星期五的午后,天空灰遢遢的,太阳像个想提前溜班的小职员,心不在焉。
一只名叫屎壳郎的狗坐在窗边,看着外面的混沌的天空发呆:为什么我们狗狗的天职就是看家,但每次我因听见有陌生人的脚步声在我家门口而狂吠时,得到的却是主人的呵叱呢?为什么我们梗犬生来就是抓老鼠的高手,但是家里除了那只灰灰的布绒玩具老鼠,从来没有真的老鼠出现让我展示我的才华呢?
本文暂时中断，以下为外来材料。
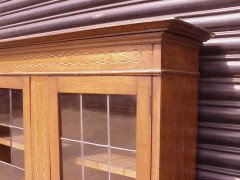 Waring & Gillows, attributed. Arts & Crafts Oak Bookcase with Ebony & Fruitwood Inlays - Thumbnail 4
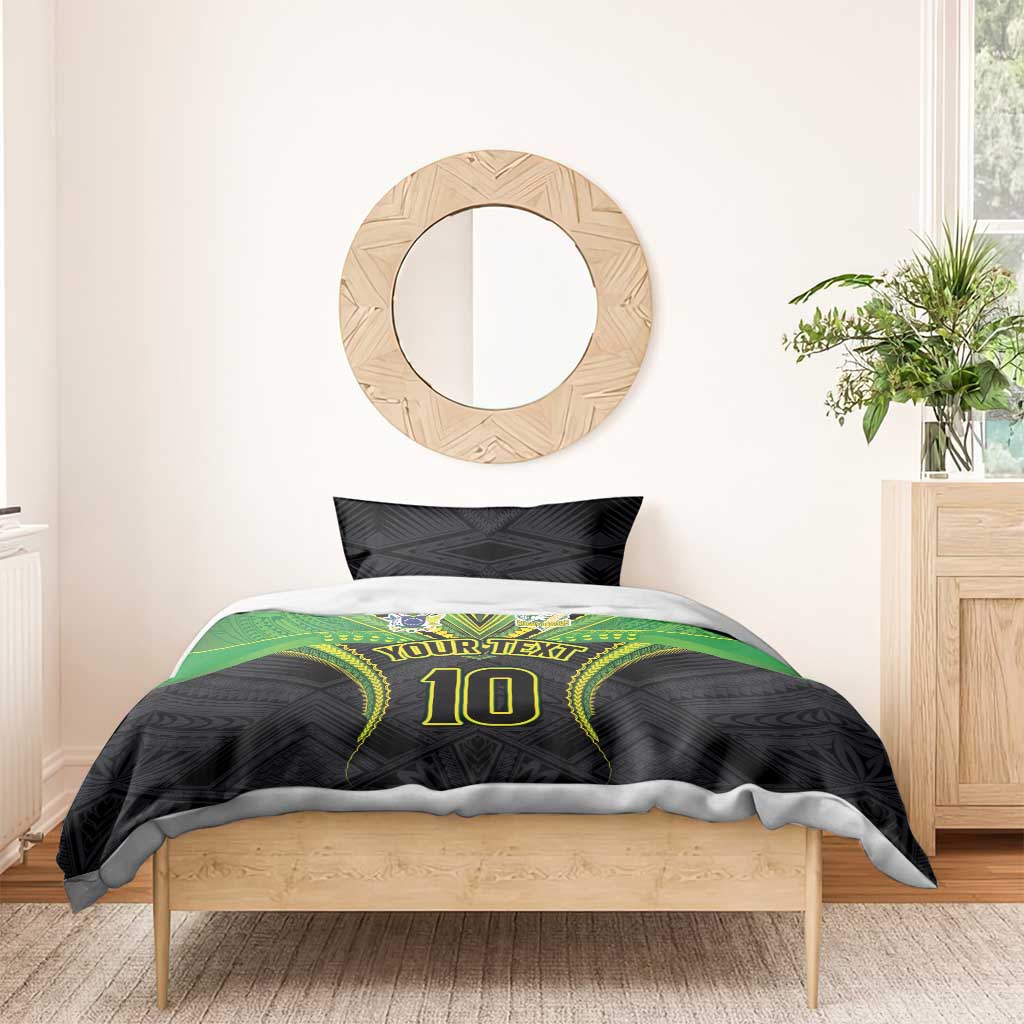 Custom Cook Islands Rugby Bedding Set Tatau Art Sport Style Black Color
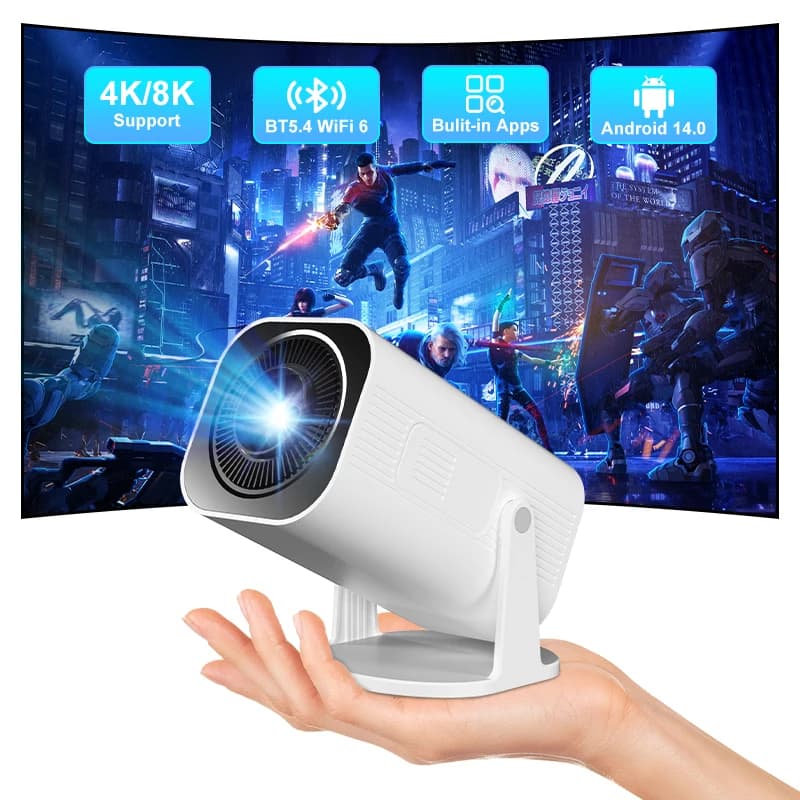 Salange P330 Mini Proiettore 4K Android 14.0 380 ANSI Lumen Nativo 1080P Wifi6 BT5.3 8K Cinema Portatile Video Beamer Sincronizzazione Android iPhone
屎壳郎的旁边的椅子上坐着它的主人——文刀小月,她也看着窗外发呆:为什么女人的天职就是生孩子,但姐妹们现在却视为生育储存的脂肪为超级可怕的东西,每天见面的话题就是怎么减肥怎么甩掉那些可怕的脂肪,怎样穿衣可以掩盖那些可恶的脂肪,却从不交流怎样去做一个优秀的生命接力的传棒手呢?为什么我已经到了最佳生育年龄,但是除了脑海里那个自己勾画的模糊的身影,却没有一个适合我的他来让我完成大自然赋予我的使命呢?
呵呵,一个困惑的星期五的下午,嗬~他们同时伸了个懒腰。